**Brief**
Would you please print exactly the lines that run from the one with "lot 367 image: Soil" to the last line of the data, both included, without any pictures?

**Dataset excerpt**
::::::

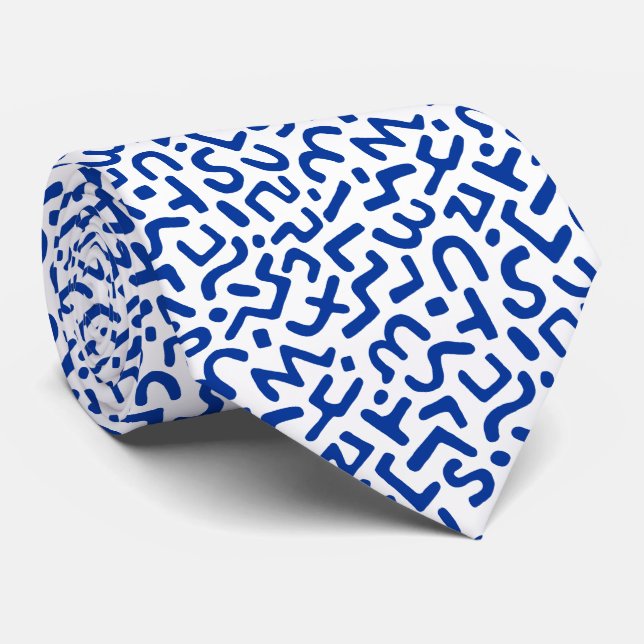 Cravate Motif Abstrait 170822 - Bleu de marine sur blanc (Roulé)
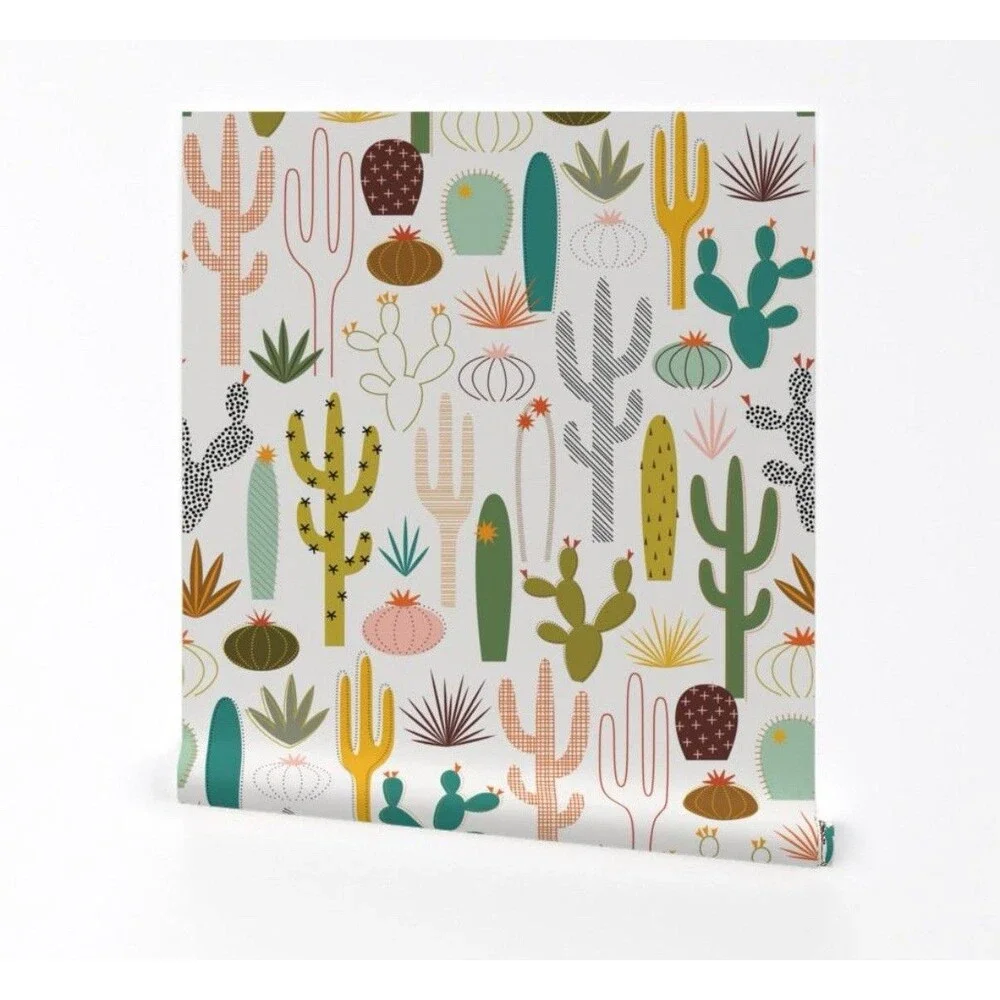 Spoonflower Cactus Desert Peel Stick Wallpaper 24x108 Sealed New Botanical
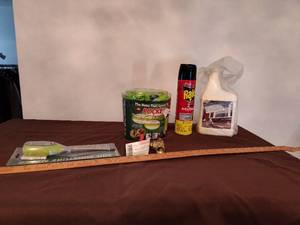 lot 367 image: Soil Moisture Meter, Raid, Pocket Hose and Outdoor Window Cleaner.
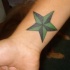 el tatuaje sencillo clasico de la estrella nautica en color verde con negro en la muñeca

::::::

**Result**
 lot 367 image: Soil Moisture Meter, Raid, Pocket Hose and Outdoor Window Cleaner.
 el tatuaje sencillo clasico de la estrella nautica en color verde con negro en la muñeca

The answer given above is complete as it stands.